Like the title says, my writer's block is killing me. I thought it was going away but it came back. It's a terrible case of it too, i have one idea that drives me forward, but i see the flaw in it and that pulls me back, i'm going nuts here!
 

SD Stevens

Scribe
Step away and do something else! I guess you have tried that. But the more you push the more your head will act like a spoilt teen.

If what you are writing takes you out of your comfort zone, then write something that's in it. Write what you know but not the subject of your book. Something out of the blue or flick through a magazine and choose a pic to write about! You may need to ease yourself back into it.

Iv tried these methods and they work for me at different times. I sew, as in I'm a tailoress so I can throw myself into a project and shut everything else out. After a while I do find myself hankering for my notebooks.

Hope I have helped a little.


Sent from my iPhone using Tapatalk
 

Caged Maiden

Staff
Article Team
Mine too. But mine isn't from lack of ideas, or even what to do. Mine is because I've spent so much time editing, I am having a hard time writing again. I wrote about 1k words yesterday and I just couldn't stop editing as I went (or it might have been 3k words). I feel you. It's rough. My advice is to find little ways to knock out the obstacles.

Don't know how to get your characters from London to Paris? Don't worry about it, write the scene of them in Paris you KNOW you want to do, and leave the filling-in for later.

Not sure your character's melancholy would be good for his next scene, but having him get rapidly better after the death of his best friend? Write it how you see the scene and justify his quick mood-change later, after the story's written.

It's okay to not have a cohesive, perfect first draft. I often have schizophrenic characters or un-described physical features, or worlds that might as well be a smoke screen of gray nothingness, because those details often come to me at editing time, when I can fully devote my mind to strengthening a single aspect, over making everything perfect the first time.

And you know what? It works. Take the inspiration you have by the horns and give it hell. Write those parts you feel really strongly about and the rest will come as it comes. At least that way, you're riding high enough to hopefully finish the project, and later on you can decide whether that trip from London to Paris even needs explaining. Perhaps it just needs an overview, something like:

Bob's melancholy tainted the trip for the first few days, till Greg had a long talk with him below deck one afternoon. I never learned what Greg said to Bob, but whatever it was, the moment his foot touched Paris' rain-wet cobblestones, Bob was a changed man--no longer deeply mourning his mother's passing, but wide-eyed and motivated to see our quest through to completion. He'd even given up the booze, and to me, that was a good thing. I might have underestimated Greg. Luckily, we had plenty of time to change that, on our six-hour coach trip into the countryside, where our treasure map led us.

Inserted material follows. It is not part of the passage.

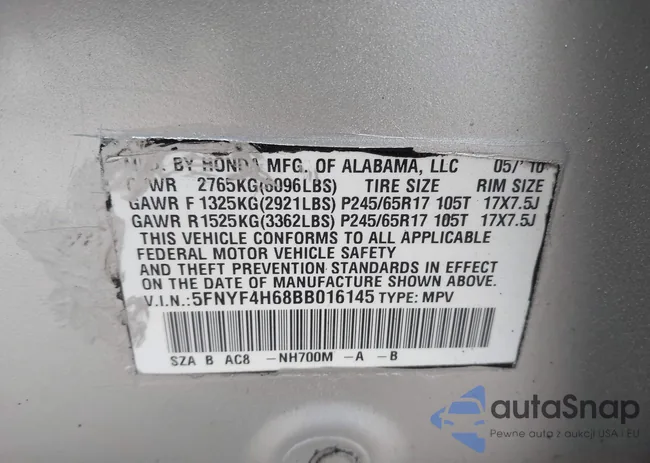 5FNYF4H68BB016145: 44152954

"How long before we get there?" Bob asked, leaning against the plush velvet side of the coach's door.


See, you can sum up a trip or some other "boring" parts with one-paragraph summaries that recap them, and then you just begin in the new scene, the one that really inspires you.

Hope that helps.
 

T.Allen.Smith

Staff
Moderator
You might not like to hear this, but you just need to make a choice.

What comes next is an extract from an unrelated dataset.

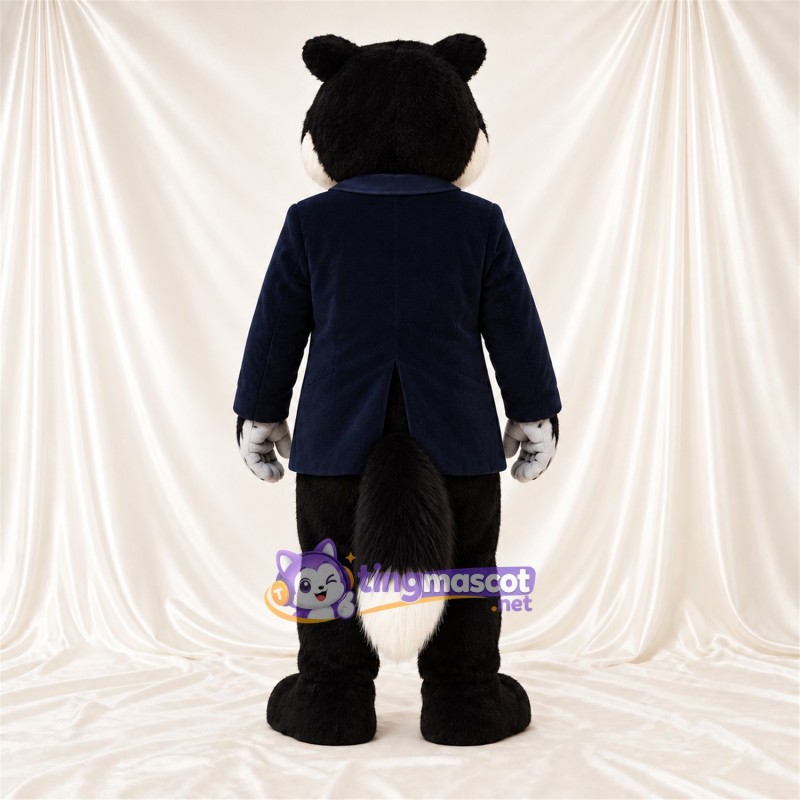 Black and White Skunk Mascot Costume - Blue Suit Black and White Skunk Mascot Costume - Blue Suit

Sit down and write something, anything, or don't. It's fear that's stopping you. Fear of not being able to relay the story the way you wish. Fear of not knowing what will happen, or how you'll resolve some foreseen issue (which might not exist any longer by the time you get there). Fear of not living up to authors you admire. Whatever it is, its all fear...nothing more.

Face the fear and work past it, or let the fear keep you from ever achieving your goal. Make a choice to write. Make a choice not to write. Whatever you decide, your making a choice regardless. I'd rather make a choice that puts me in pursuit of my goals.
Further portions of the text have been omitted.